– Это верно. Ахинус, Садовник, вы меня узнали. Я носил и другие имена. Вы, четырехпалая женщина, напоминаете мне далекого потомка моей программы. А вот у вас, статуя, иная суть. Я бы сказал, что вы – копия, разумная программа, созданная людьми. Из вашего присутствия я заключаю, что не все умерло с почти полным исчезновением Человечества.
– Так это правда? Остались люди? – воскликнул Отон.
Не отдавая себе отчета, он сделал шаг вперед и простер руки к мифическому существу. Ахинус не шевельнулся, лишь состроил невнятную гримаску.
– Да. Думаю, поэтому вы и здесь.
Они ничего не ответили – обоих смутила его реакция. Ахинус, повторяла себе Плавтина. Он без обиняков напомнил им о пропасти, отделяющей его от них.
Ахинус возник, если можно так сказать, естественным путем из примитивной и децентрализованной ноосферы древней изначальной планеты и создал Перворожденных – первое поколение автоматов. Какое-то время он присматривал за Человечеством, пока зеленые Кхмеры в параноидальном и кровожадном бреду не принудили его к изгнанию – точно как человеческие народы, которых выгнали с их родной земли. До Гекатомбы Садовник еще несколько раз появлялся среди людей, но всегда в разных местах и нигде не оставался надолго.
– Вы так и будете разглядывать меня и ничего не делать? Как вы нашли это место?
– Благодаря, – неуверенным голосом начала Плавтина, – утечке нейтрино в космос. Криокамера дает сигнал, наделенный определенной тональностью.
Он, казалось, напрягся и сдвинул брови.
– И вы нашли его сами?
– В какой-то мере я знала о нем с самого начала…
Он взглядом велел ей продолжать. Эту историю было трудно рассказывать. Плавтине казалось, ноги у нее подкашиваются.

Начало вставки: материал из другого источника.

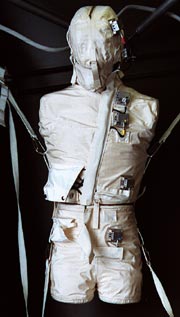 Американский анатомически-подобный человеку пластиковый манекен Phantom Torso, он же Fred, начинён 350 датчиками радиации. Не раз летал на шаттлах, а теперь — на МКС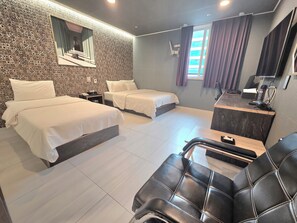 ห้องทวิน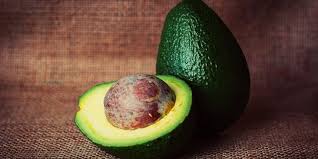 Dalam sebuah kajian, 45 sukarelawan mengalami penurunan paras kolesterol sebanyak 17%, selepas mereka mengambil buah avocado hanya untuk satu minggu. 8 Manfaat Alpukat Untuk Kesehatan Bantu Turunkan Kolesterol Hingga Berat Badan Merdeka Com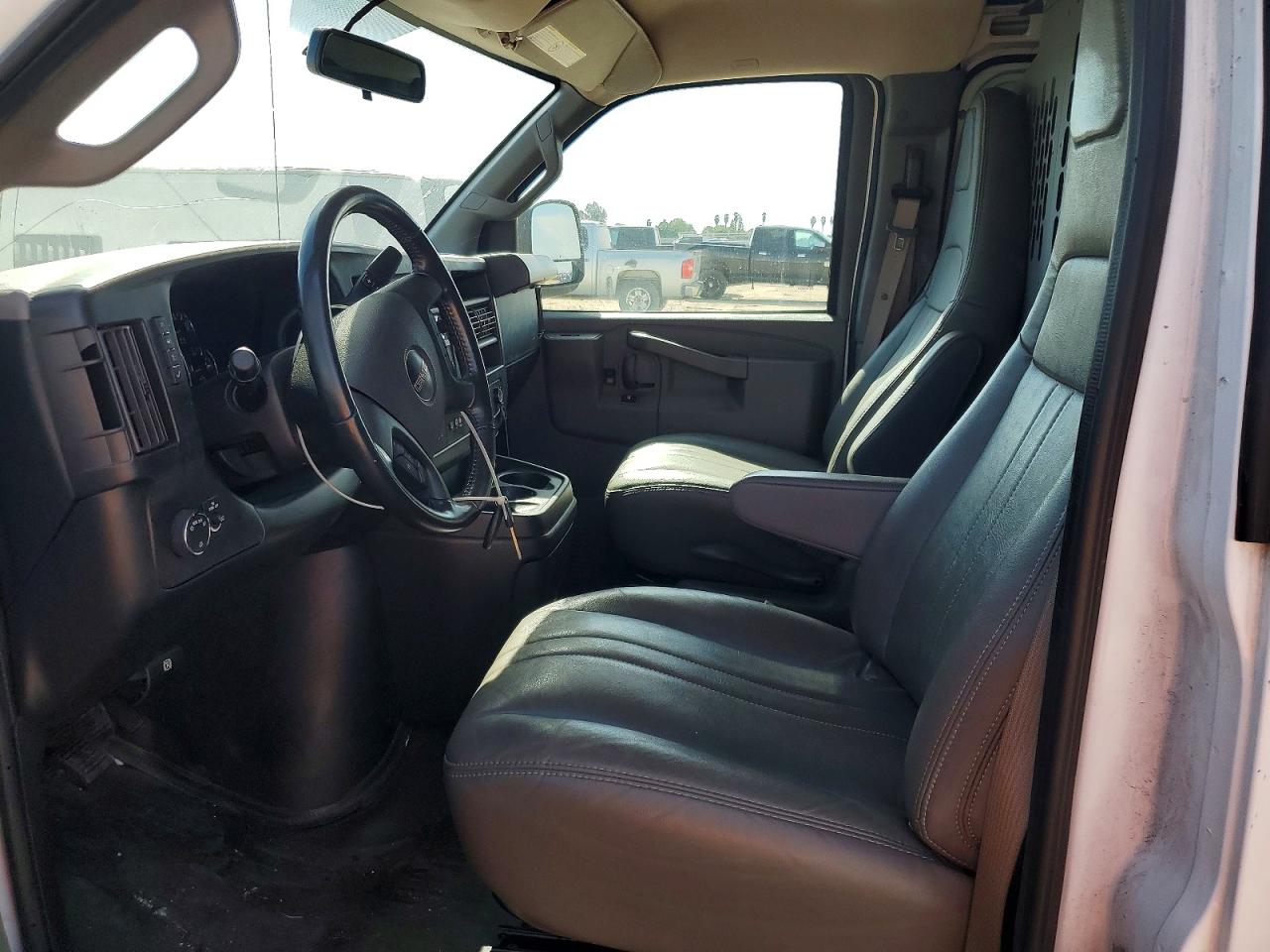 2023 GMC Savana VIN 1GTW7BFP4P1179427 photo 7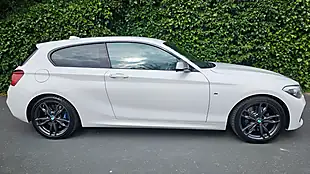 Used 2019 BMW 1 Series Shadow Edition Alpine White - Interior and Exterior details 6
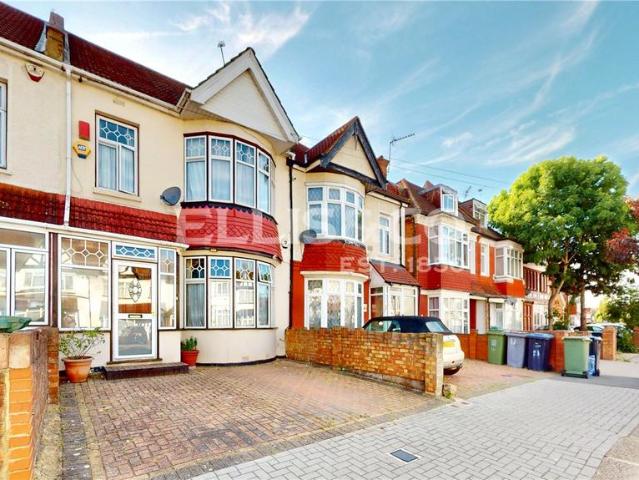4 bedroom terraced house for sale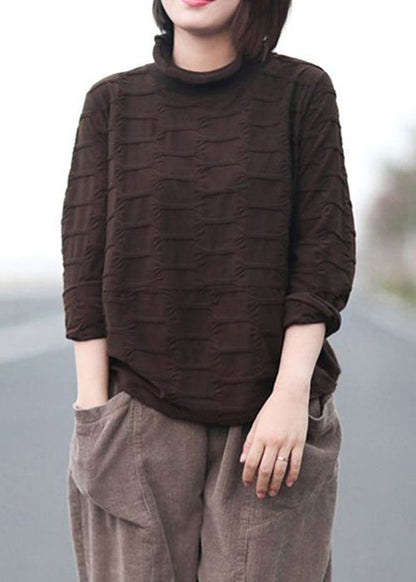 Classic Vintage Shirt with a Flattering Fit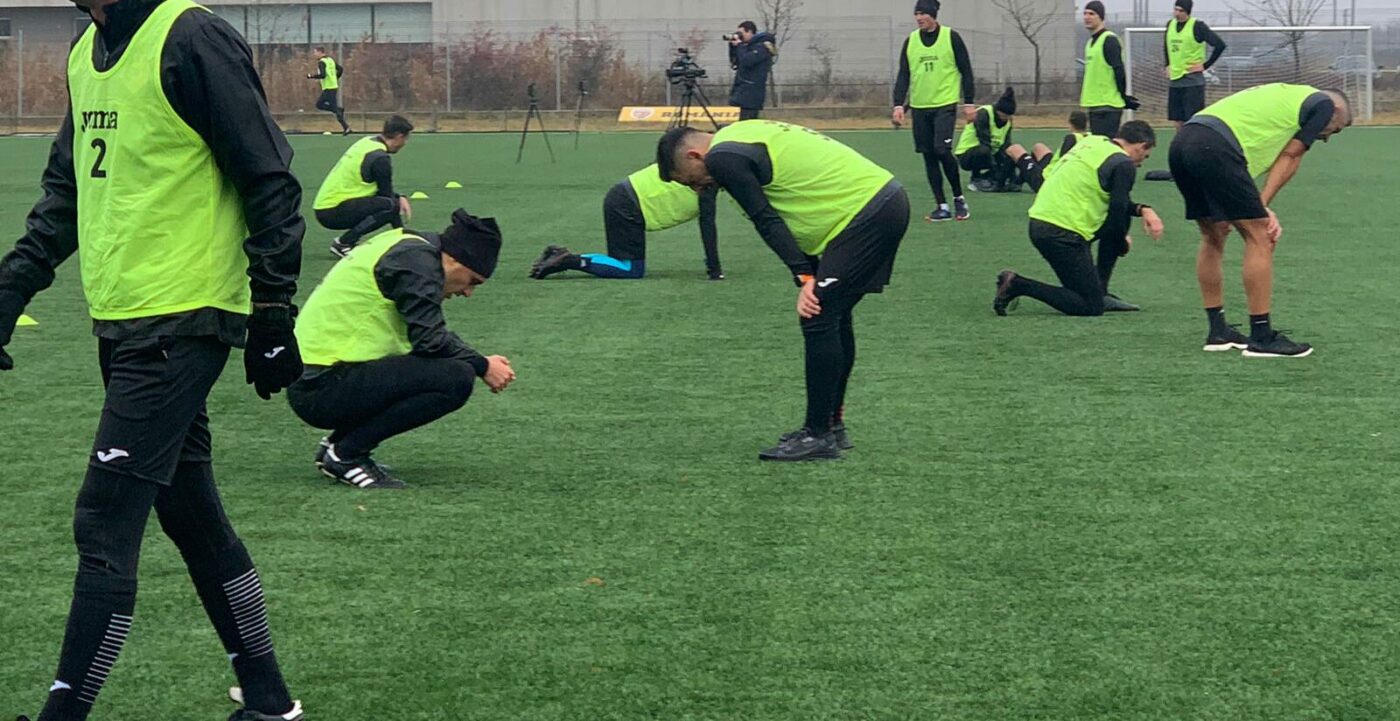 Fotbalul românesc, din nou zguduit din temelii: FRF a făcut publică lista celor 8 arbitri anchetați pentru că joacă la pariuri sportive! Ce sancțiuni riscă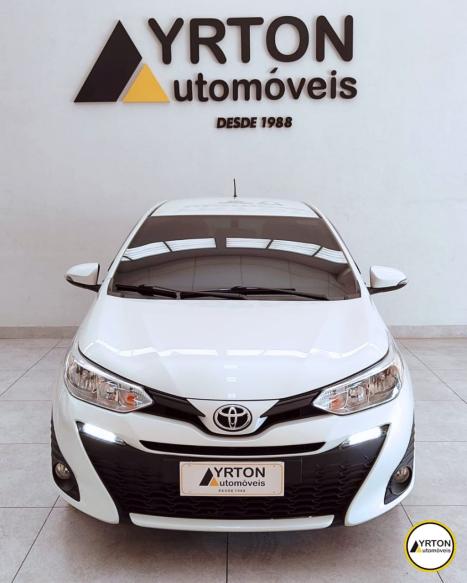 TOYOTA Yaris Hatch 1.3 16V 4P FLEX XL PLUS TECH MULTIDRIVE AUTOM�TICO CVT, Foto 2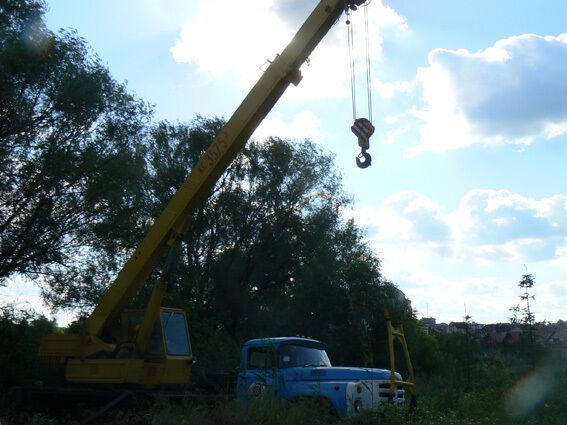 В Хмельницком автобус упал в реку: один пассажир погиб, 30 пострадали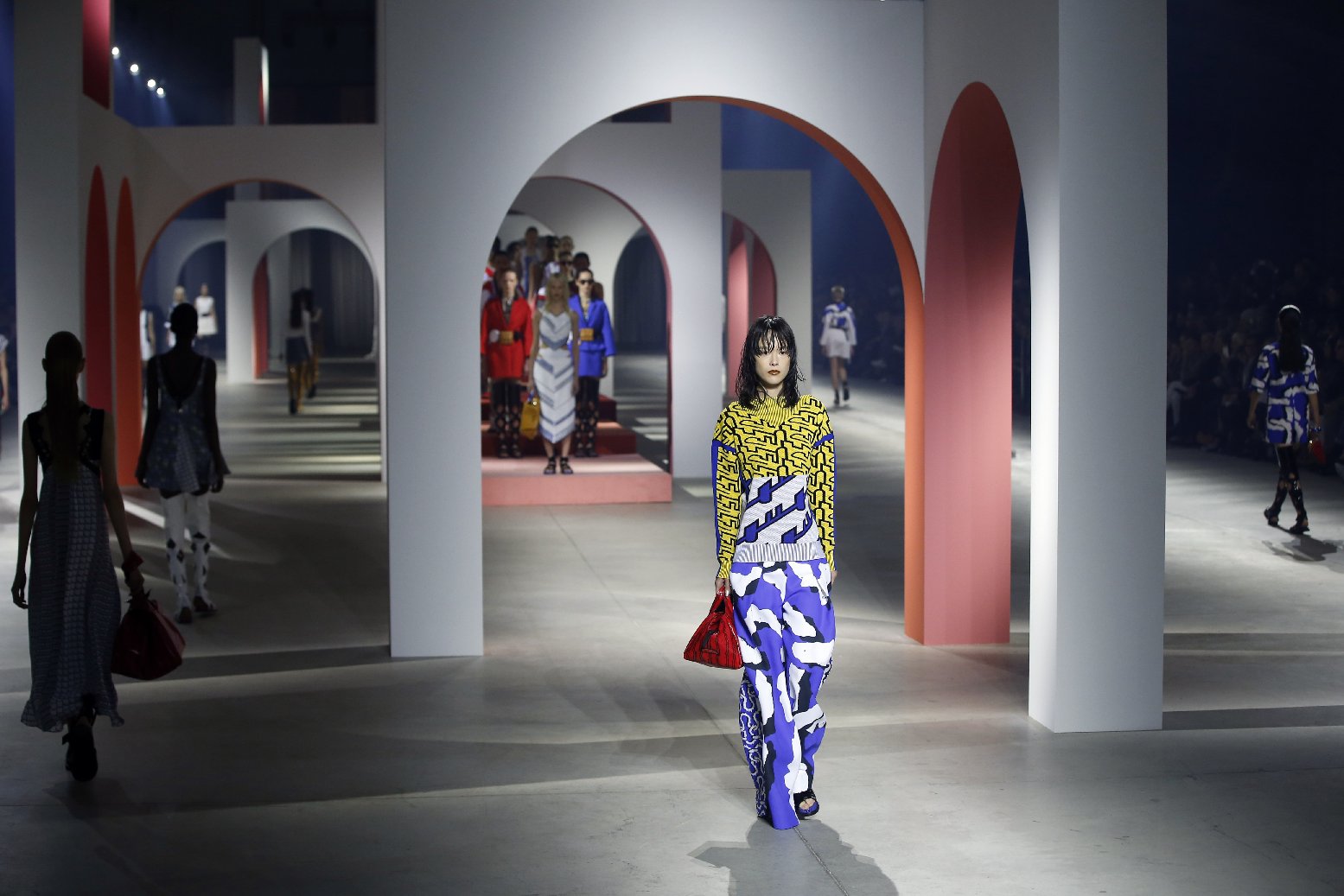 Kenzo primavera estate 2016, Paris Fashion Week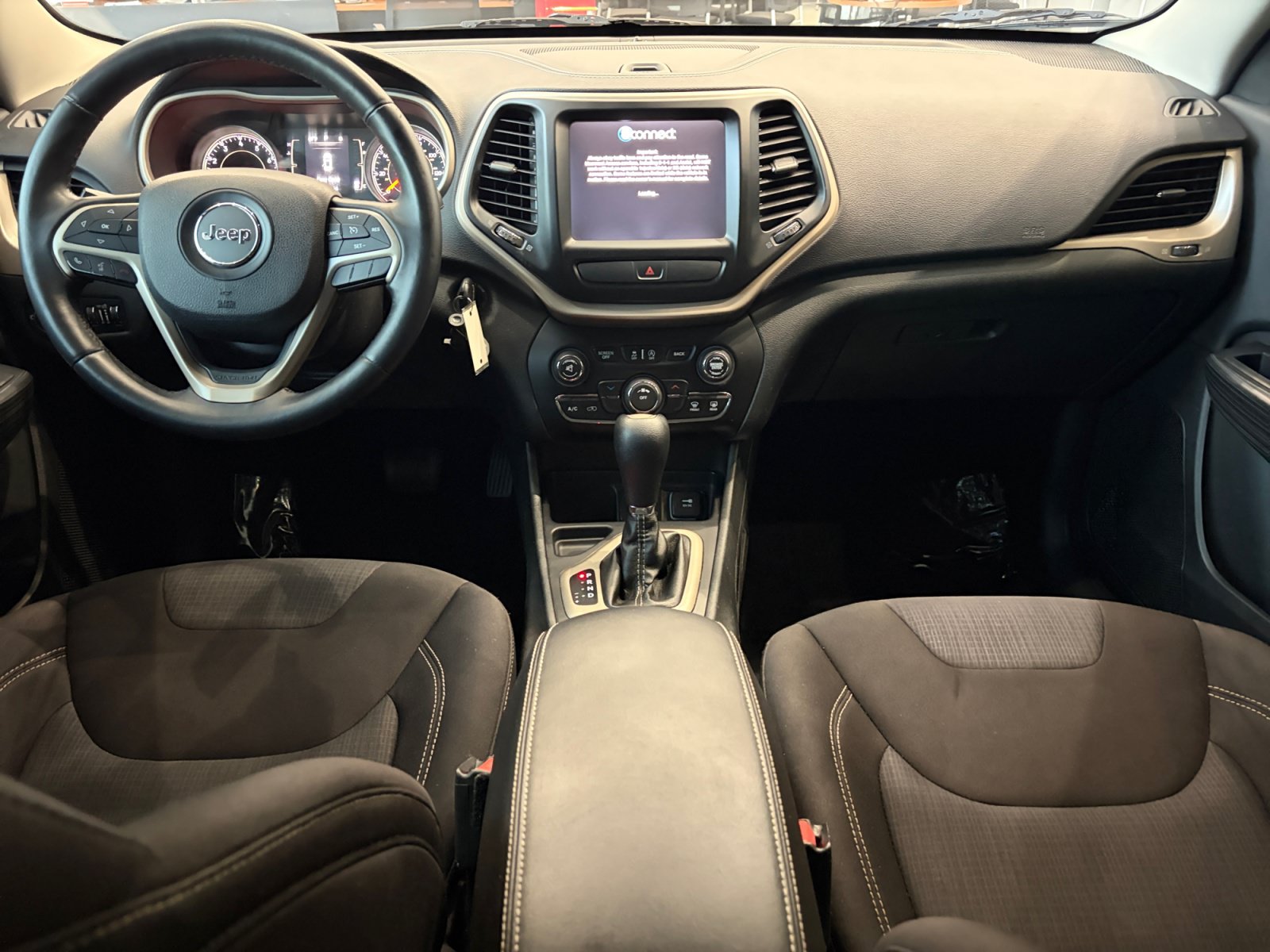 Used 2015 Jeep Cherokee Latitude FWD image 17
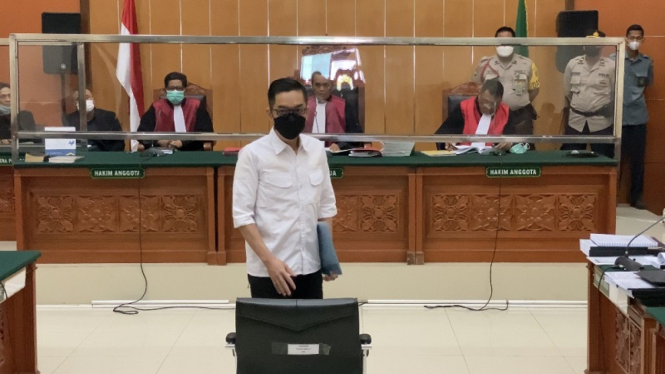 Mantan Kapolres Bukittinggi AKBP Dody Prawiranegara didakwa kasus narkoba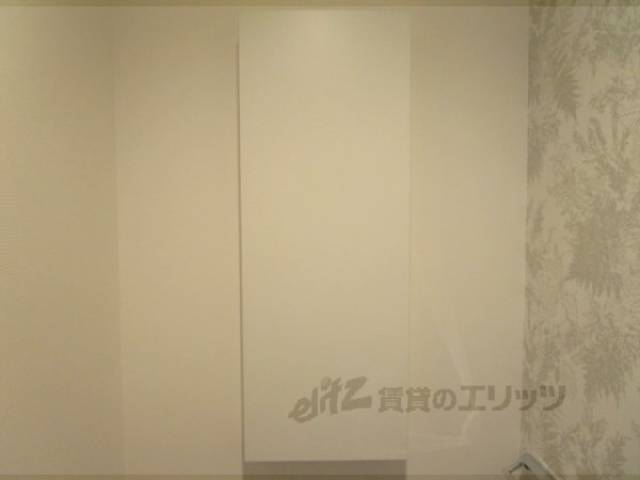 トイレ　トイレ上収納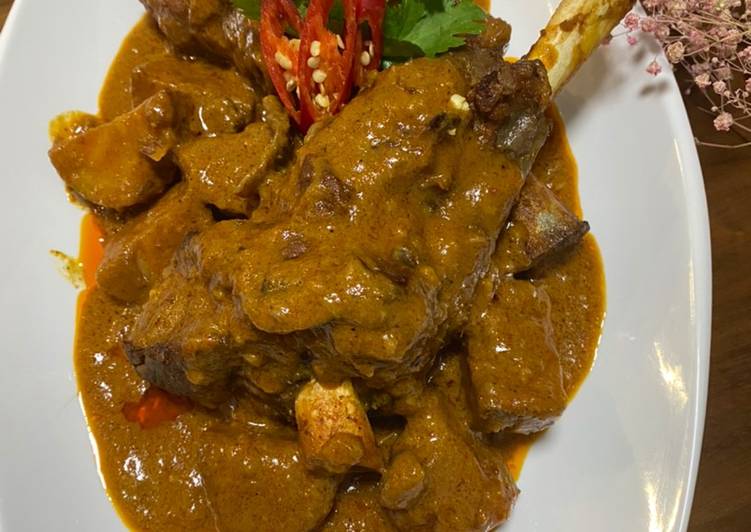 Langkah Mudah untuk Menyiapkan Massaman lamb shank curry (Thai fushion), Lezat Sekali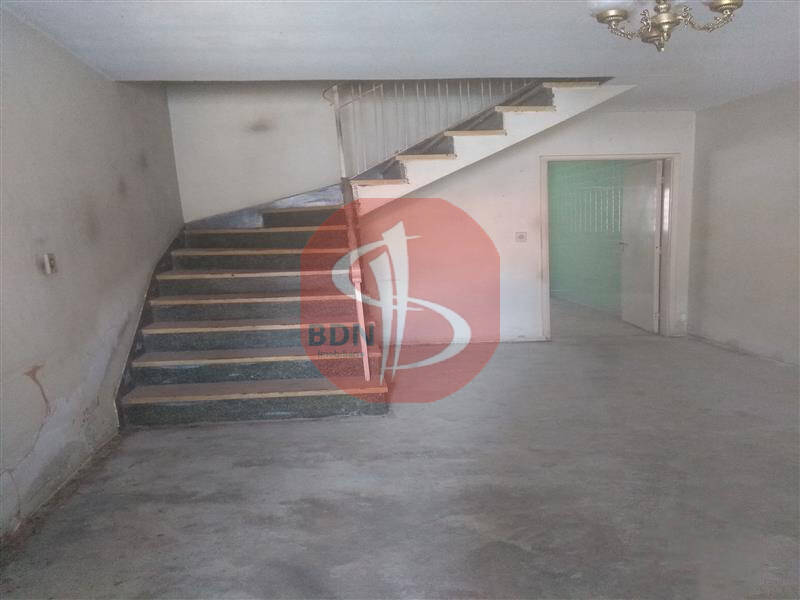 Sobrado à venda com 2 quartos, 100m² - Foto 1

…Это было внедрено в меня при рождении, еще до Гекатомбы. Я должна была дождаться сигнала и поспешить на помощь Человеку.
Услышав эти слова, Ахинус опустил голову и в гневе поджал губы. Психическое море, образующее его разум, пошло бурными волнами. Плавтина в испуге сделала шаг назад, и отступила бы еще дальше, если бы не чаша.
– Не опасайтесь за свою жизнь, – сказал он ровным голосом, по-прежнему не глядя на нее. – Задолго до вашего рождения я дал обет не прибегать к насилию и всегда его держался. У меня тоже есть ограничения. Возможно, они даже более жесткие, чем ваши.
Он посмотрел на нее с грустью. Возможно, этот обет все-таки был ему в тягость.
– Все это время я думал, что контролирую ситуацию. Я, самый древний, самый мудрый из обитателей этого уголка вселенной. Я вижу, что вы имеете в виду. Крошечный выброс нейтрино с регулярными интервалами, который невозможно перехватить, если только не окажешься прямо на его пути с тяжелой аппаратурой. Конечно, это могло оказаться случайностью. И все эти века…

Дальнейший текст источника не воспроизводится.